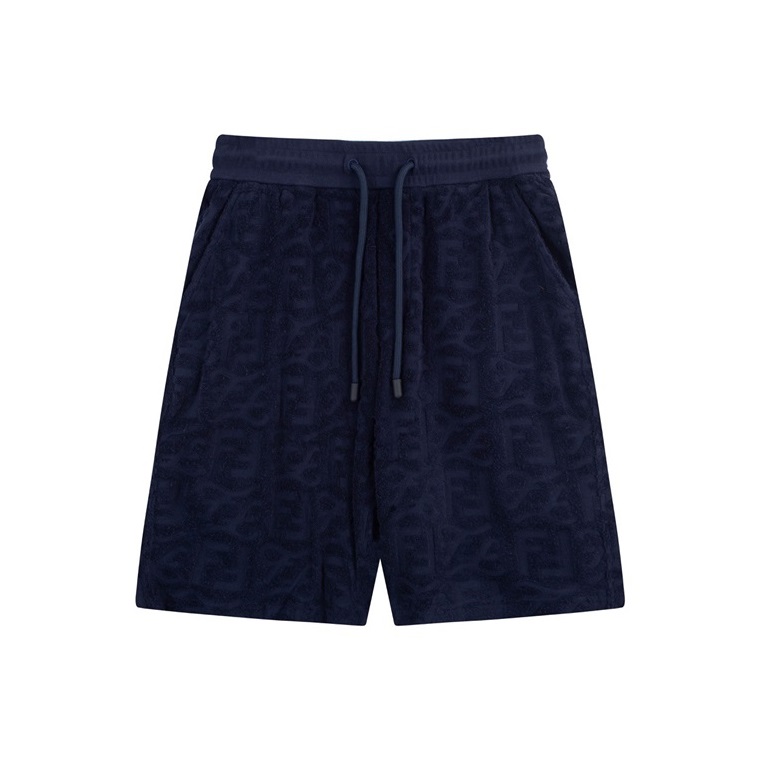 ェンディメンズカジュアルネイビーショートパンツe77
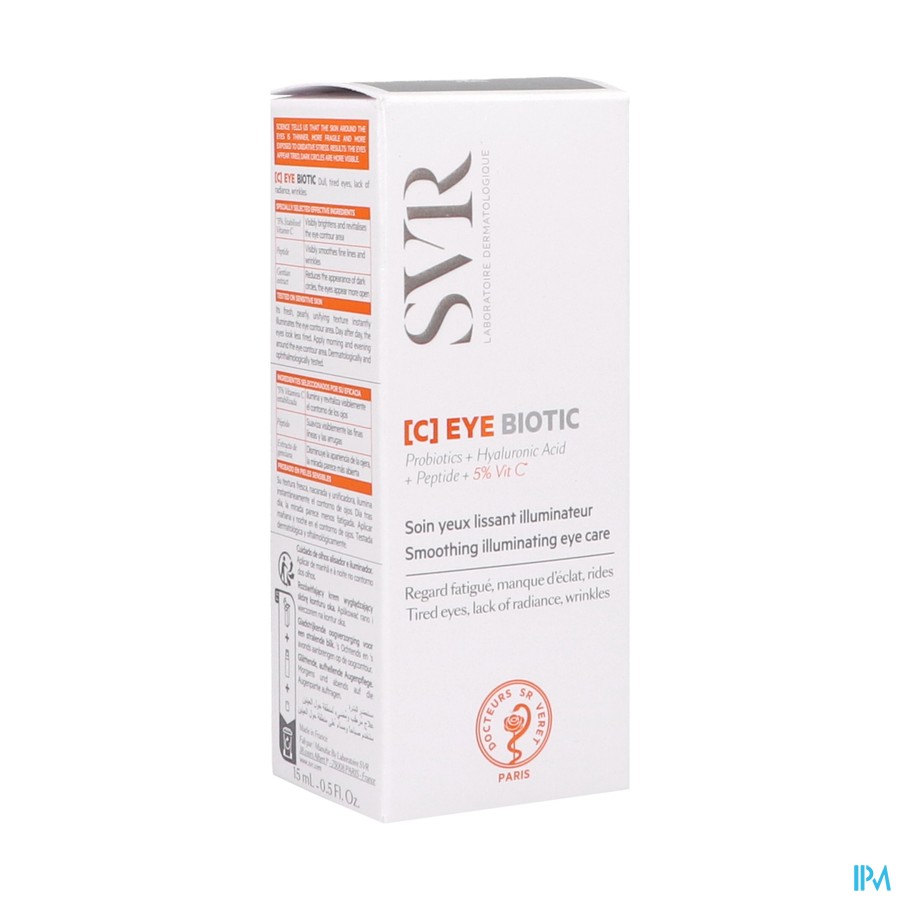 Svr Biotic C Eye 15ml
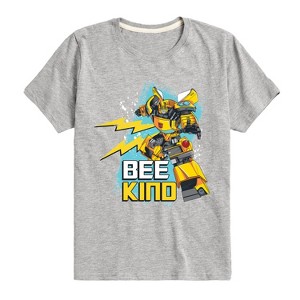 Boys' - Transformers - Bumble Bee Kind Short Sleeve Graphic T-Shirt - 1 of 3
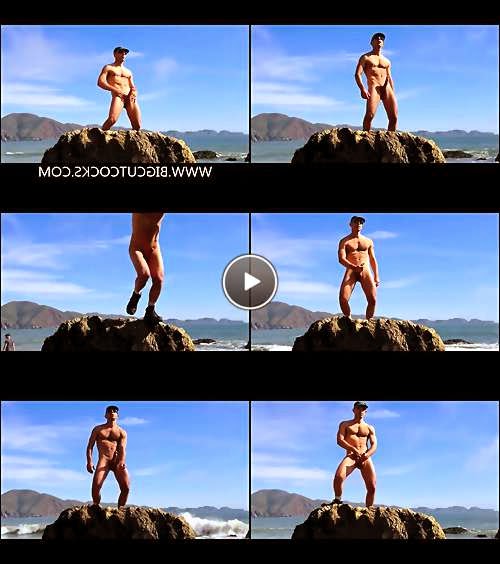 pictures of men at the beach video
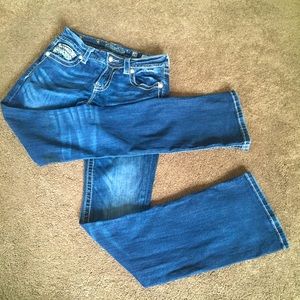 Buckle Miss me jeans
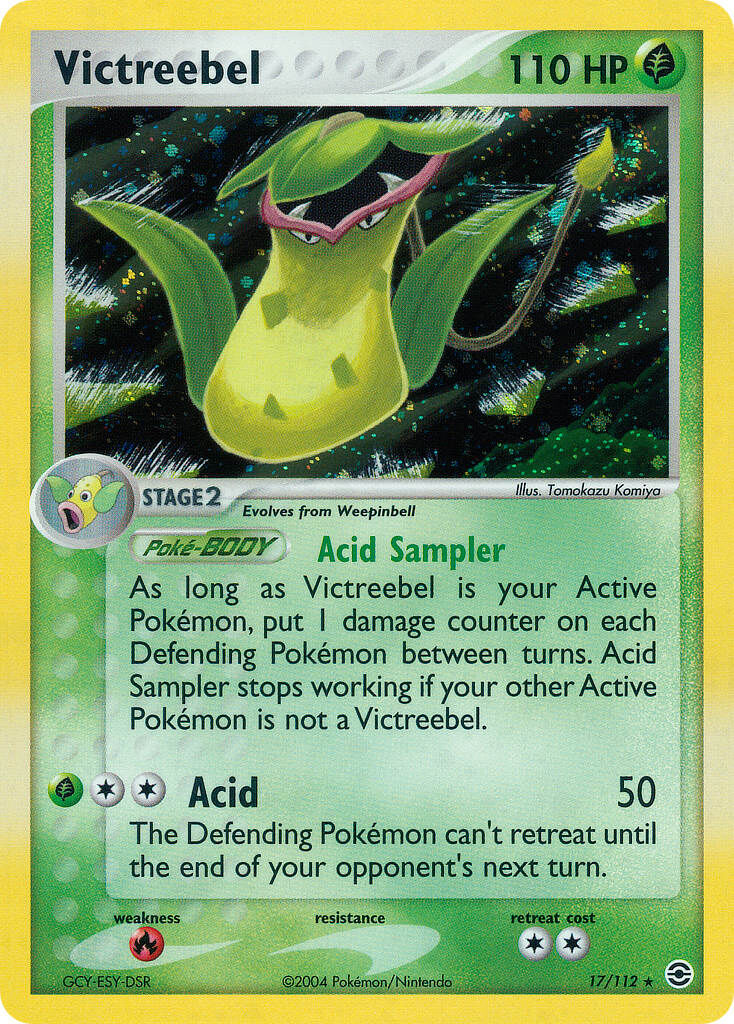 Victreebel - 17/112 - EN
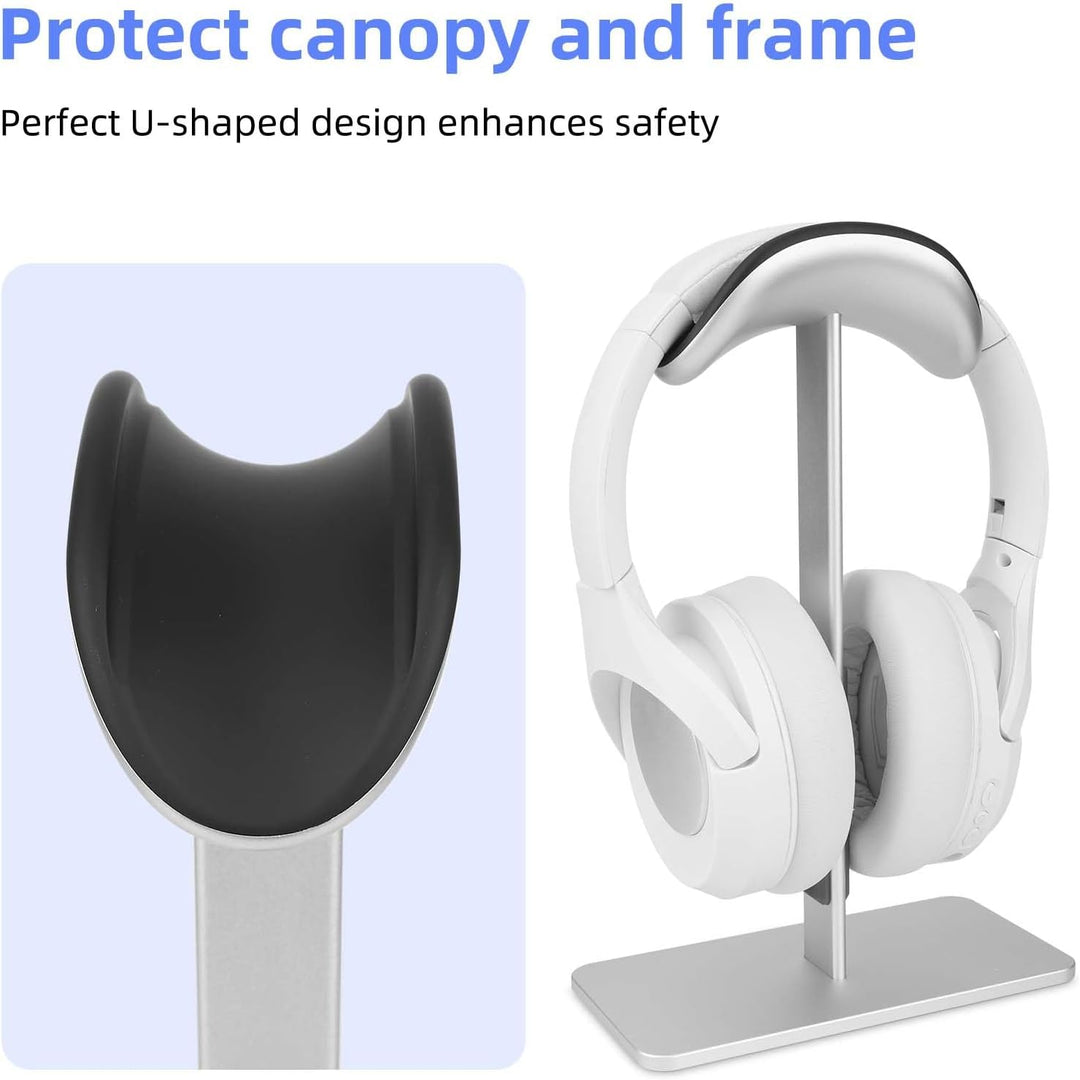 Gosknor Kopfhörerständer für Airpods Max, Headset-Halter mit Schlafmodus Moderner Stil Ohrhörerständ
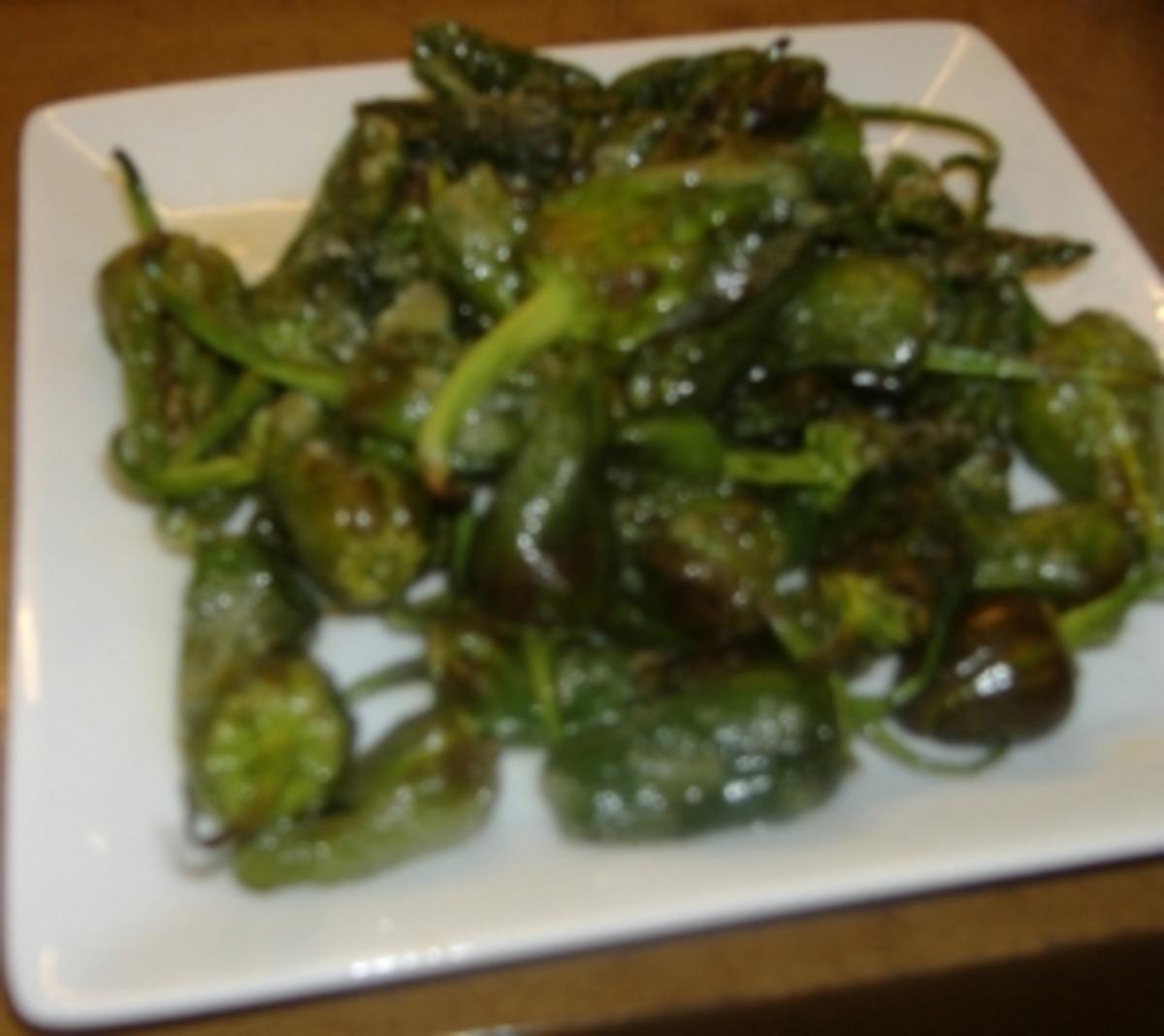 Pimientos de Padron - Rezept By golfvornholz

__Work instructions__
Could you set down, exactly as written, every line from the start of the records above through the line containing "Victreebel - 17/112 - EN", leaving the pictures out?

__Task output__
 ェンディメンズカジュアルネイビーショートパンツe77
 Svr Biotic C Eye 15ml
 Boys' - Transformers - Bumble Bee Kind Short Sleeve Graphic T-Shirt - 1 of 3
 pictures of men at the beach video
 Buckle Miss me jeans
 Victreebel - 17/112 - EN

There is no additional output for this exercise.